[What you are asked to do] The listing that follows must be retyped exactly, without its pictures.

[Data shown]
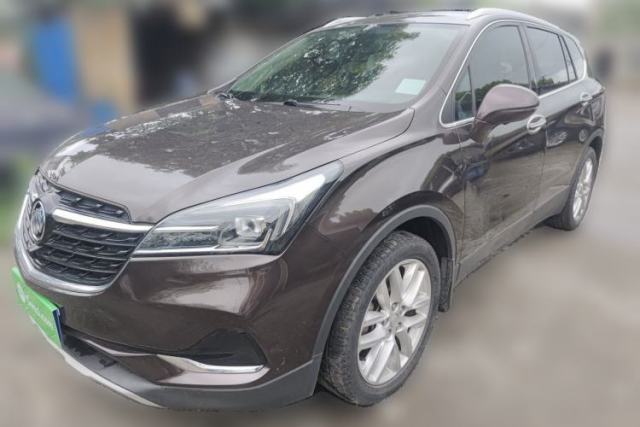 Used Buick Envision 2019 28T 4x4 Luxury Model China VI Standard
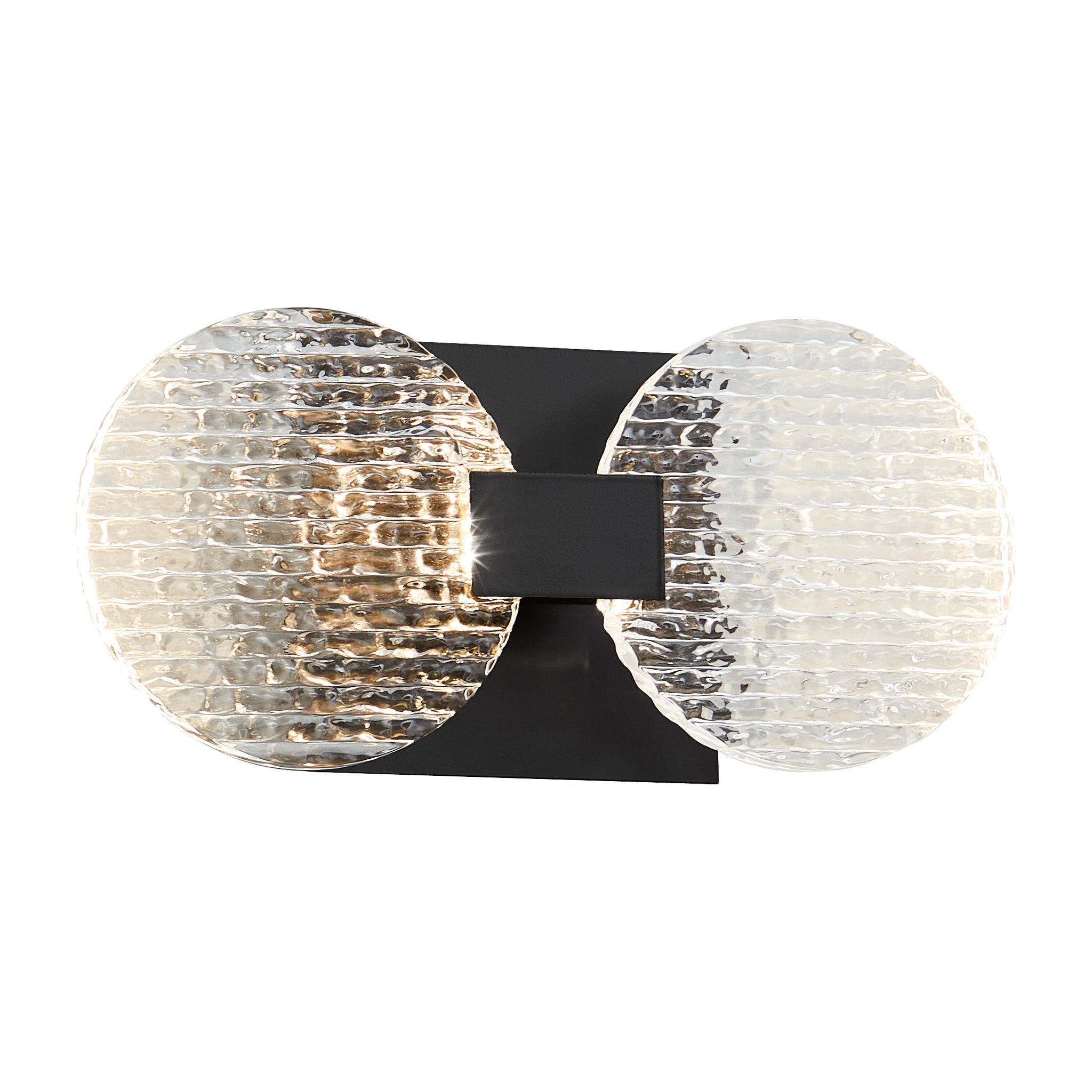 Oxygen Axiom 3-5050-15 Wall Sconce Light - Black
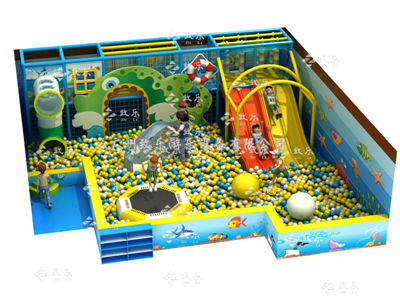 百万海洋球池需要多少钱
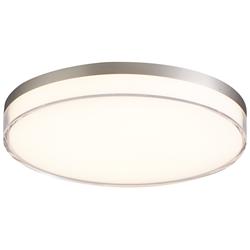 Minka Lavery Vantage 11" Wide LED Brushed Nickel Flush Mount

[Your response]
 Used Buick Envision 2019 28T 4x4 Luxury Model China VI Standard
 Oxygen Axiom 3-5050-15 Wall Sconce Light - Black
 百万海洋球池需要多少钱
 Minka Lavery Vantage 11" Wide LED Brushed Nickel Flush Mount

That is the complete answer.